El contraste con su apertura anterior ante los Yankees fue evidente. En aquel duelo en Comerica Park, Mize permitió cuatro carreras y ocho imparables en 5.2 episodios durante una derrota 4-3. Esta vez ajustó, ejecutó mejor y mantuvo a una ofensiva peligrosa completamente fuera de ritmo.
Desde el inicio, el derecho atacó con decisión. Mezcló sus lanzamientos, evitó contactos sólidos y no permitió que Nueva York construyera amenazas sostenidas. Su dominio fue creciendo entrada por entrada, mientras los Tigres ampliaban la ventaja y jugaban con mayor soltura.
Detroit también hizo su parte con el bate. El equipo anotó siete carreras en los primeros cuatro innings, aprovechando errores defensivos de los Yankees, pero también produciendo en situaciones claves. Tres de esas carreras llegaron con imparables de dos outs y corredores en posición anotadora, una muestra de oportunismo que había faltado en otros tramos de la temporada.
La ofensiva de los Tigres no se limitó a esperar regalos. Corrieron bien las bases, presionaron a la defensa local y capitalizaron cada grieta que Nueva York dejó abierta. Fue una noche en la que Detroit jugó con agresividad, pero también con precisión.
Uno de los momentos más llamativos llegó con Hao-Yu Lee. El joven parecía haber quedado lastimado tras deslizarse en segunda base luego de conectar un doble en el primer episodio, pero permaneció en el partido y más adelante respondió con un sencillo de dos carreras con dos outs. Su batazo reforzó el carácter competitivo de una alineación que no dejó pasar oportunidades.
La defensa también acompañó a Mize. Detroit jugó con limpieza detrás de su abridor y evitó que los Yankees encontraran vías para cambiar el ambiente del partido. Esa combinación de pitcheo dominante, defensa firme y ofensiva oportuna fue demasiado para Nueva York.
El desempeño de Mize tuvo un valor adicional por el escenario. Lanzar en el Yankee Stadium siempre agrega presión, especialmente ante una alineación con poder y tradición. El derecho no solo resistió ese contexto; lo controló por completo.

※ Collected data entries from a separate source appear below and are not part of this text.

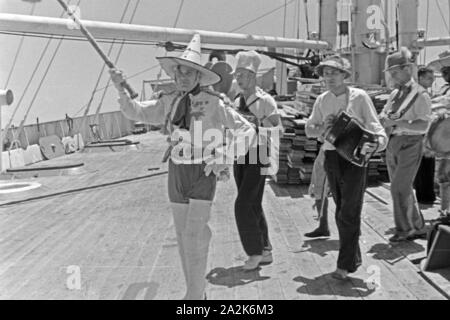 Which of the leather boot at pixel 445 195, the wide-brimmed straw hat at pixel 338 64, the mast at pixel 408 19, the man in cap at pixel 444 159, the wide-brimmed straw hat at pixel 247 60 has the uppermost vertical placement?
the mast at pixel 408 19

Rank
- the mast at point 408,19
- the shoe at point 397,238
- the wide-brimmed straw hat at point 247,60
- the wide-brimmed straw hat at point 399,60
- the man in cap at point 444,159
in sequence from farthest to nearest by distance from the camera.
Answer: the mast at point 408,19 < the man in cap at point 444,159 < the shoe at point 397,238 < the wide-brimmed straw hat at point 399,60 < the wide-brimmed straw hat at point 247,60

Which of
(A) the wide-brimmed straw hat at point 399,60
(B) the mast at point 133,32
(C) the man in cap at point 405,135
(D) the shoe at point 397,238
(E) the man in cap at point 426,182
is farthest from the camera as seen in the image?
(B) the mast at point 133,32

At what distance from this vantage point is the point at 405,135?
5.38 m

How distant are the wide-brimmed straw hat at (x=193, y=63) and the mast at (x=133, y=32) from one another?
234 inches

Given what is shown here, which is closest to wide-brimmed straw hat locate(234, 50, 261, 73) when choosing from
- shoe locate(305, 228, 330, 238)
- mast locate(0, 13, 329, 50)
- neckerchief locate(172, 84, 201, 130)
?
neckerchief locate(172, 84, 201, 130)

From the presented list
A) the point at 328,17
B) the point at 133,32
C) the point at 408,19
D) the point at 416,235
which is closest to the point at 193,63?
the point at 416,235

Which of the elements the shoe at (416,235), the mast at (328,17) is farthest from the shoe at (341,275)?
the mast at (328,17)

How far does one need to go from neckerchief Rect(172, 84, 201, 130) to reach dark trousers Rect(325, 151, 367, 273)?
1.29 metres

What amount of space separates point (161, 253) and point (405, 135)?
2.61 m

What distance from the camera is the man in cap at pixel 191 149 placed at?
145 inches

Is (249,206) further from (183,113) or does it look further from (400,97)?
(400,97)

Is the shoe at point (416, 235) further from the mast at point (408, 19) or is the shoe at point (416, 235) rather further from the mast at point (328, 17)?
the mast at point (408, 19)

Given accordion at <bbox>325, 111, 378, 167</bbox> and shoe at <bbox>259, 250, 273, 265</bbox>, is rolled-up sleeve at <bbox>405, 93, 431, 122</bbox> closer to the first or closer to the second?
accordion at <bbox>325, 111, 378, 167</bbox>

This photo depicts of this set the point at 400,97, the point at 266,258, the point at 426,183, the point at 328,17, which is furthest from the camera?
the point at 328,17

Para los Tigres, la victoria fue una forma de revancha. La semana anterior habían perdido una serie cerrada ante los Yankees en Detroit, con partidos que pudieron inclinarse de otro modo. En el Bronx, el equipo aprovechó una nueva oportunidad y mostró una versión mucho más contundente.
El manager A.J. Hinch ha insistido en la idea de ganar el juego de cada día, sin quedarse atrapado en resultados anteriores. Esa mentalidad se reflejó en la forma en que los Tigres respondieron: dejaron atrás frustraciones recientes y salieron a atacar desde temprano.

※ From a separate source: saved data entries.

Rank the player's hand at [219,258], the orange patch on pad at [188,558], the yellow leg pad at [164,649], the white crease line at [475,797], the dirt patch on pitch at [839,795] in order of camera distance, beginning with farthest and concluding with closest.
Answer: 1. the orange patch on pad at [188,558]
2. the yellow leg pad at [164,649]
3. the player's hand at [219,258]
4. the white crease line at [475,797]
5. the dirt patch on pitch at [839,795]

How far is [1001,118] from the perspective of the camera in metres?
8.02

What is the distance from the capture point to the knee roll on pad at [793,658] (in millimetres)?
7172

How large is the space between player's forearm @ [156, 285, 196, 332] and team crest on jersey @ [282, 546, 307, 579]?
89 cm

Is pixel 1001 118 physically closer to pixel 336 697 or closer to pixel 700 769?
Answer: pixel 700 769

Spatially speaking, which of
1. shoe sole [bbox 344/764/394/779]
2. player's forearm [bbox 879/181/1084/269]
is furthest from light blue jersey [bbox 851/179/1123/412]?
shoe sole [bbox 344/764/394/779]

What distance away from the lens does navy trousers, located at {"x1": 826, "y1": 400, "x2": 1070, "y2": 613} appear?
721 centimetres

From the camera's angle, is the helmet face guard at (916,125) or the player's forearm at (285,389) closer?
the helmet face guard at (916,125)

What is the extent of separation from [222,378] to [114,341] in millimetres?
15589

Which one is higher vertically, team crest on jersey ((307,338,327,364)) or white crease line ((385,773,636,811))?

Aunque Detroit llegó al partido con un récord complicado, el equipo ha mostrado señales de ser más competitivo de lo que indica la tabla. Su diferencial de carreras y la cantidad de juegos cerrados sugieren que el grupo ha estado cerca de mejores resultados, pero necesitaba convertir esas sensaciones en victorias concretas.
La salida de Mize puede ser una pieza importante dentro de ese intento de reacción. Un abridor que puede neutralizar a los Yankees durante siete entradas y sumar 10 ponches cambia cualquier serie. Más aún si lo hace después de ajustar contra el mismo rival en menos de una semana.

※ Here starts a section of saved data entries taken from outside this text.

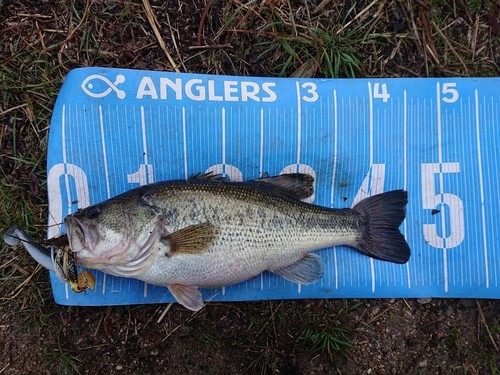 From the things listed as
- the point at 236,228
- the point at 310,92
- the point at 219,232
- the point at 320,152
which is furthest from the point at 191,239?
the point at 310,92

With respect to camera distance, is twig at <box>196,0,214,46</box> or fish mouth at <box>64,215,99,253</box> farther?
twig at <box>196,0,214,46</box>

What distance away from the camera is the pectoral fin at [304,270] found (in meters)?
2.91

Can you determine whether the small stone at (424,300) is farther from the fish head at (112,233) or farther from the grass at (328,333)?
the fish head at (112,233)

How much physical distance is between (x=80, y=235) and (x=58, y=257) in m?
0.25

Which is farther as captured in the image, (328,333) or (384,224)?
(328,333)

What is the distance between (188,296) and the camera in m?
2.75

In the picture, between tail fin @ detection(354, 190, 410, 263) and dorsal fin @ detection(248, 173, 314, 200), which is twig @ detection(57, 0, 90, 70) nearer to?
dorsal fin @ detection(248, 173, 314, 200)

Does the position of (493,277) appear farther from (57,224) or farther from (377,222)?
(57,224)

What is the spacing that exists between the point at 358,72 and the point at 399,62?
0.34 metres

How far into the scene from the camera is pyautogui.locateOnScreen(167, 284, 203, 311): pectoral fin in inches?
108

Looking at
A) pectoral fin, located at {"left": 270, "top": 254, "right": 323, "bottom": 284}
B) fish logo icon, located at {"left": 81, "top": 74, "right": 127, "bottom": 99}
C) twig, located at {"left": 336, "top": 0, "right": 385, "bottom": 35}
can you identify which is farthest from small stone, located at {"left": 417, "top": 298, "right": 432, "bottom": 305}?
fish logo icon, located at {"left": 81, "top": 74, "right": 127, "bottom": 99}

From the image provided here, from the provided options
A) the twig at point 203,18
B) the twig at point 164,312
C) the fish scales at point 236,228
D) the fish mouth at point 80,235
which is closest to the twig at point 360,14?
the twig at point 203,18

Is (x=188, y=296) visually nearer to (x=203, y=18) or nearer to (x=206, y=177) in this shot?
(x=206, y=177)

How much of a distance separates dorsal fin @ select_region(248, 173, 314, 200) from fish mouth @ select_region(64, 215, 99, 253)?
3.42 feet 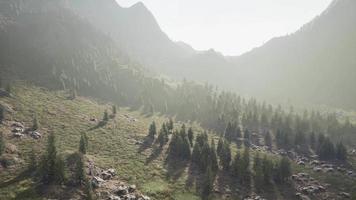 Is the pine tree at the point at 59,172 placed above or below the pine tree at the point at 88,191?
above

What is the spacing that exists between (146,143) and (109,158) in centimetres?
2323

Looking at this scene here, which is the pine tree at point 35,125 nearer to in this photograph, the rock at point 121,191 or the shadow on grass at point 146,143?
the shadow on grass at point 146,143

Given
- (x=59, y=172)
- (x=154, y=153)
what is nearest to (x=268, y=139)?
(x=154, y=153)

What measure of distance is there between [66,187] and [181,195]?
31.5 m

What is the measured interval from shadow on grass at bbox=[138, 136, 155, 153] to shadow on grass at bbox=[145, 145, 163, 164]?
3.17 m

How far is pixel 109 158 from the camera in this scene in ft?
328

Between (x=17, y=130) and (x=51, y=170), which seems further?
(x=17, y=130)

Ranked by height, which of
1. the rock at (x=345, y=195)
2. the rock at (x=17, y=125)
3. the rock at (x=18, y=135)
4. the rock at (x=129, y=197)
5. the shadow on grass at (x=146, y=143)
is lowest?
the rock at (x=129, y=197)

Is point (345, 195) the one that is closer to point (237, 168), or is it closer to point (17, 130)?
point (237, 168)

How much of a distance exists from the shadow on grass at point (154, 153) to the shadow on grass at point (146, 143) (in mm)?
3170

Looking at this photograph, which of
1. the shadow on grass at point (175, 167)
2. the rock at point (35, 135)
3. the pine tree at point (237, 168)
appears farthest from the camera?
the rock at point (35, 135)

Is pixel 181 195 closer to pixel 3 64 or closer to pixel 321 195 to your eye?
pixel 321 195

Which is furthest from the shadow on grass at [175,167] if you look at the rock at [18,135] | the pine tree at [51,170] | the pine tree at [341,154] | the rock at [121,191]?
the pine tree at [341,154]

Nueva York, en cambio, tuvo una noche frustrante. Los errores defensivos abrieron la puerta, la ofensiva no pudo descifrar a Mize y el equipo quedó rápidamente obligado a remar contra una desventaja amplia. Aunque intentó reaccionar tarde, el daño ya estaba hecho.
Detroit no solo ganó; ganó con autoridad. Mize impuso el tono desde la lomita, la ofensiva respondió en momentos de presión y la defensa sostuvo cada intento de respuesta. En una temporada donde los Tigres necesitan encadenar victorias para volver a creer, actuaciones como esta pueden cambiar el ánimo del clubhouse.
La noche en el Bronx dejó una imagen clara: Casey Mize caminando con control absoluto sobre uno de los escenarios más exigentes de Grandes Ligas. Para Detroit, fue mucho más que una victoria; fue una señal de que todavía hay margen para competir.